Nov 01, '07 07:30:00AM

Contributed by: junkie

This may seem like a really obvious life hack, but for all the rankling about the new Stacks feature, I wanted to share the thing that has really won we over to Stacks and the new Dock.

Maybe some people take pride in having a tiny dock filled with a ton of apps, but I find that if the icons are too small, and there are simply too many of them, it's not usable. At the same time, I want to have all my apps, even infrequently used ones, immediately accessible. I've tried launchers, but it just feels like too much clutter.

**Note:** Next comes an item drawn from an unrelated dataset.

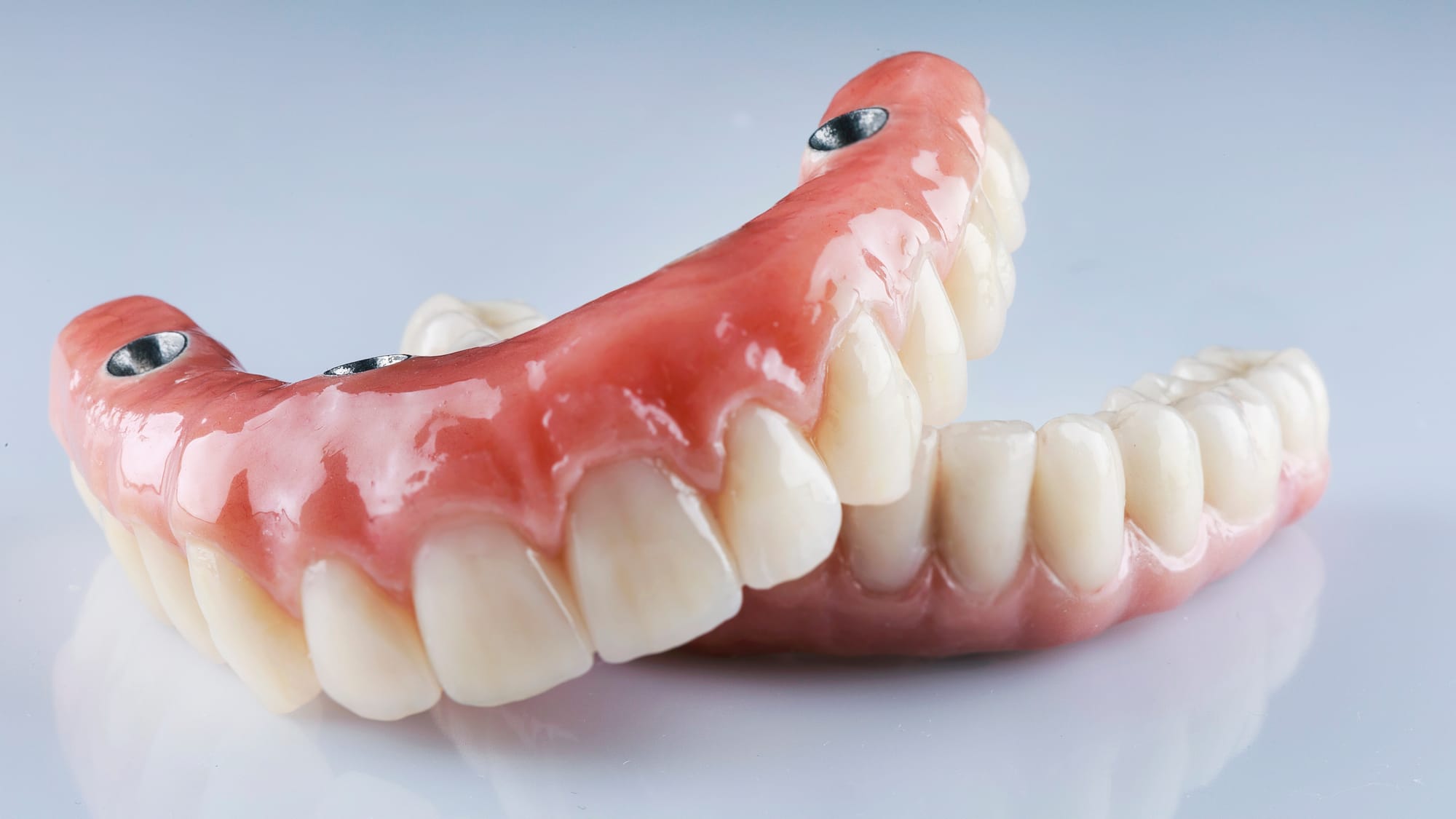 Zirconia Dental Bridges at Versailles Dental Clinic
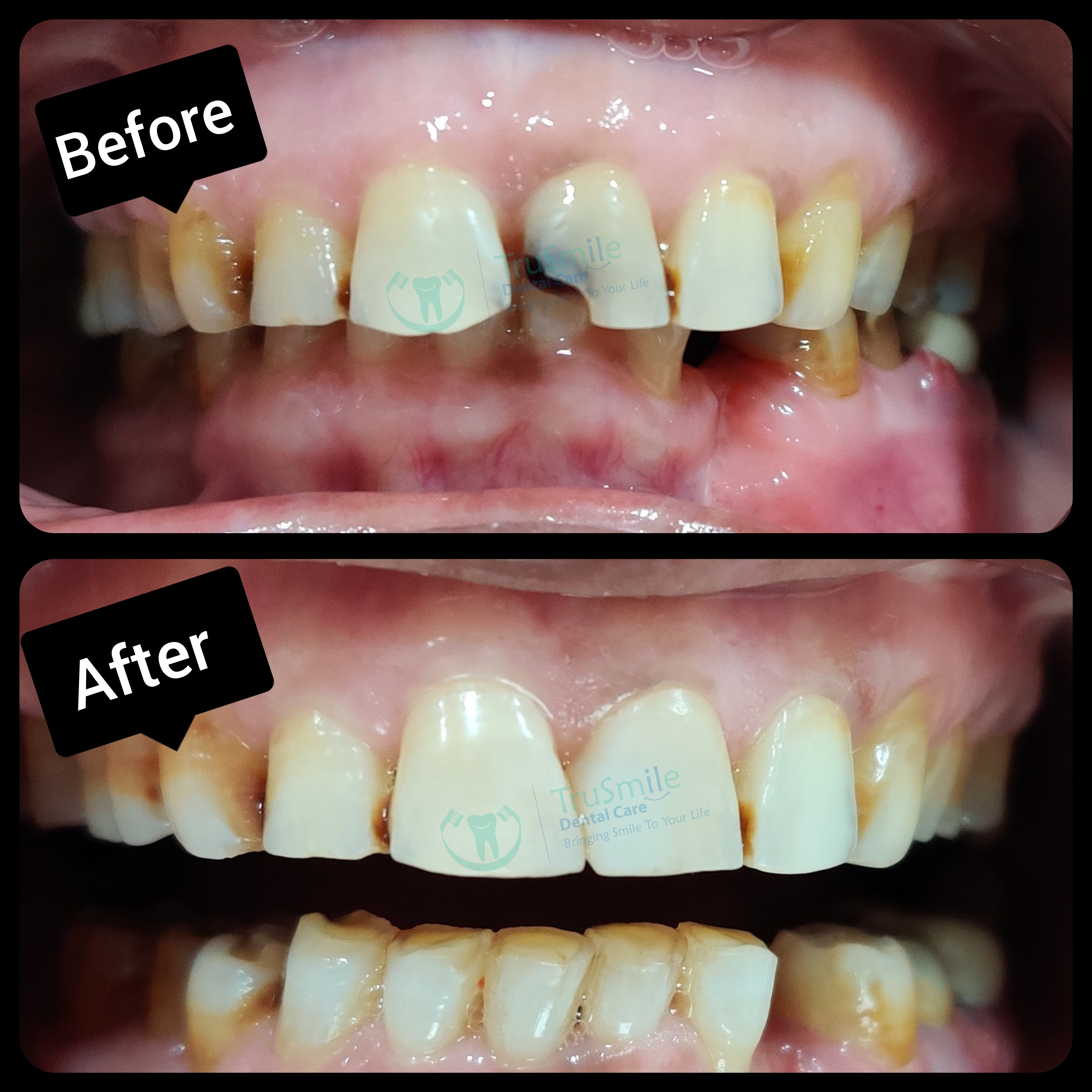 Smile Design 3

So in Tiger, my dock had 30+ hard to see tiny tiny app icons. But in Leopard, using the following method, I am finding the 10.5 dock to be the best launcher ever. I've created little stacks of apps for each app area and the big suites:

  1. Productivity: MS Office and iWork
  2. Creative: Adobe CS3
  3. Utilities: Just the ones I use most
  4. iLife: iLife applications
  5. Media: Players, download tools, etc.
To do this, I created new folders for each stack. Each of these is a real folder with aliases to the respective apps. It took maybe two minutes. The benefit over Tiger is that stacks are all visually identifiable, because the stack of app icons show thru, no thinking up some custom icon for an office suite or mousing over identical folder icons trying to figure out what's what.

The result is that my dock is down to 18 reasonably-sized app icons, easy to see and use. Seldom-used apps are all easily found and launched. It's exactly what I have always wanted since the OS 9 days, a simple gateway to managing active and available apps. And as long as you keep the number of things in the stack down to less than 10, it looks cool and is very usable.

One additional stack for key project folders, and I am much happier than I ever was in Tiger. I hated those identical folder icons. Note that contrary to the online demos, you can't really grab a set of items and put them on the dock to create a stack. You can only create a stack with a real filesystem folder as far as I can see.